The following table gives examples of the kinds of pairs of variables which could be of interest from a statistical point of view.
x | y |
---|---|
Predictor or independent variable | Response or dependent variable |
Temperature in degrees Celsius | Temperature in degrees Fahrenheit |
Area of a house (sq.ft.) | Value of the house |
Age of a particular make and model car | Resale value of the car |
Amount spent by a business on advertising in a year | Revenue received that year |
Height of a 25-year-old man | Weight of the man |
The first line in the table is different from all the rest because in that case and no other the relationship between the variables is deterministic: once the value of x is known the value of y is completely determined.

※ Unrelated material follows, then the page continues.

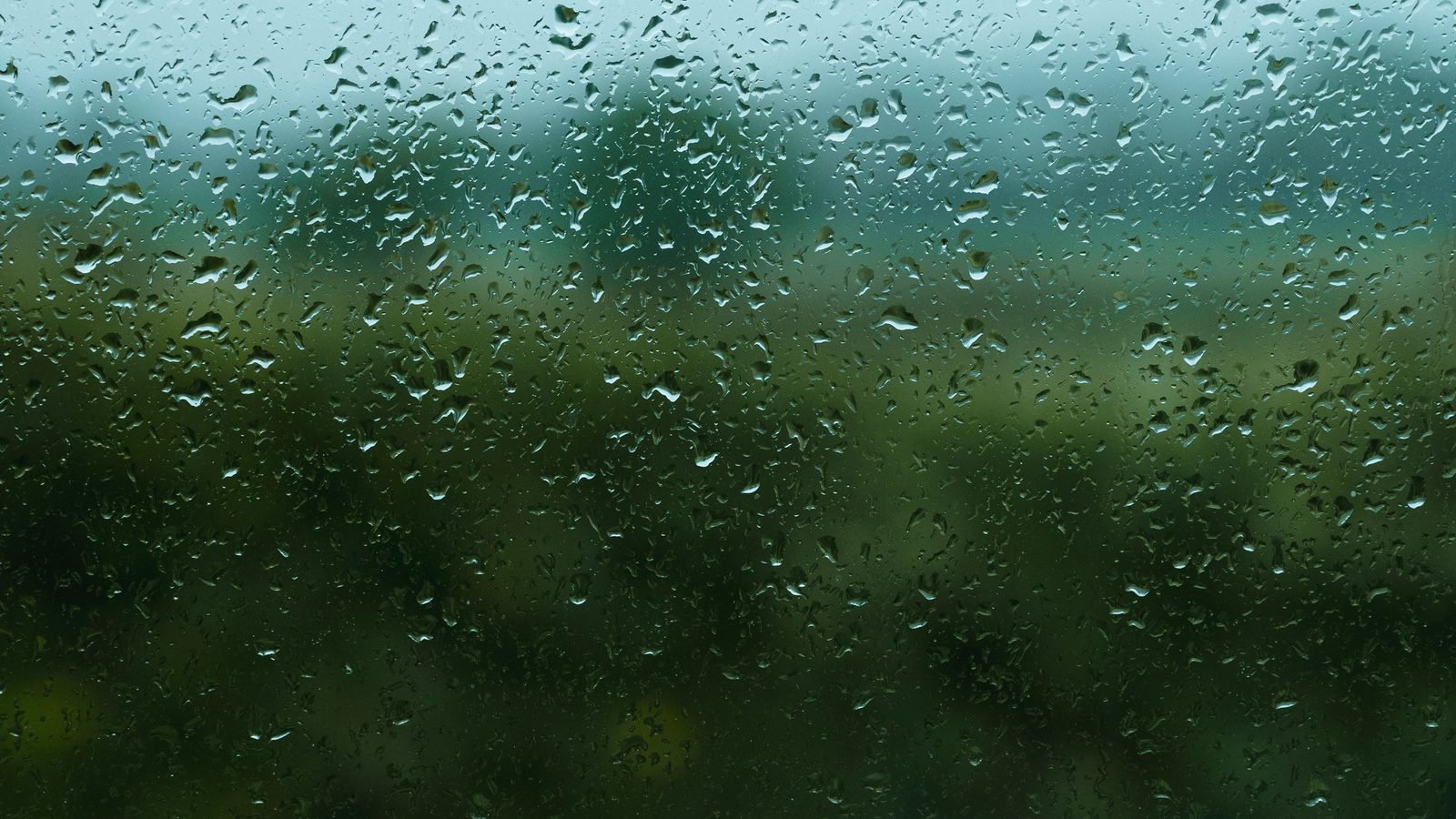 Rain beading and running down a glazed pane with a garden behind it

In fact there is a formula for y in terms of x: $y=\frac{9}{5}x+32.$ Choosing several values for x and computing the corresponding value for y for each one using the formula gives the table
$$\begin{array}{rrrrrr}x& \hfill \text{\u2212}40& \hfill \text{\u2212}15& \hfill 0& \hfill 20& \hfill 50\\ y& \hfill \text{\u2212}40& \hfill 5& \hfill 32& \hfill 68& \hfill 122\end{array}$$We can plot these data by choosing a pair of perpendicular lines in the plane, called the coordinate axes, as shown in Figure 10.1 "Plot of Celsius and Fahrenheit Temperature Pairs". Then to each pair of numbers in the table we associate a unique point in the plane, the point that lies x units to the right of the vertical axis (to the left if $x<0$) and y units above the horizontal axis (below if $y<0$). The relationship between x and y is called a linear relationship because the points so plotted all lie on a single straight line. The number $\frac{9}{5}$ in the equation $y=\frac{9}{5}x+32$ is the slope of the line, and measures its steepness. It describes how y changes in response to a change in x: if x increases by 1 unit then y increases (since $\frac{9}{5}$ is positive) by $\frac{9}{5}$ unit. If the slope had been negative then y would have decreased in response to an increase in x. The number 32 in the formula $y=\frac{9}{5}x+32$ is the y-intercept of the line; it identifies where the line crosses the y-axis. You may recall from an earlier course that every non-vertical line in the plane is described by an equation of the form $y=mx+b$, where m is the slope of the line and b is its y-intercept.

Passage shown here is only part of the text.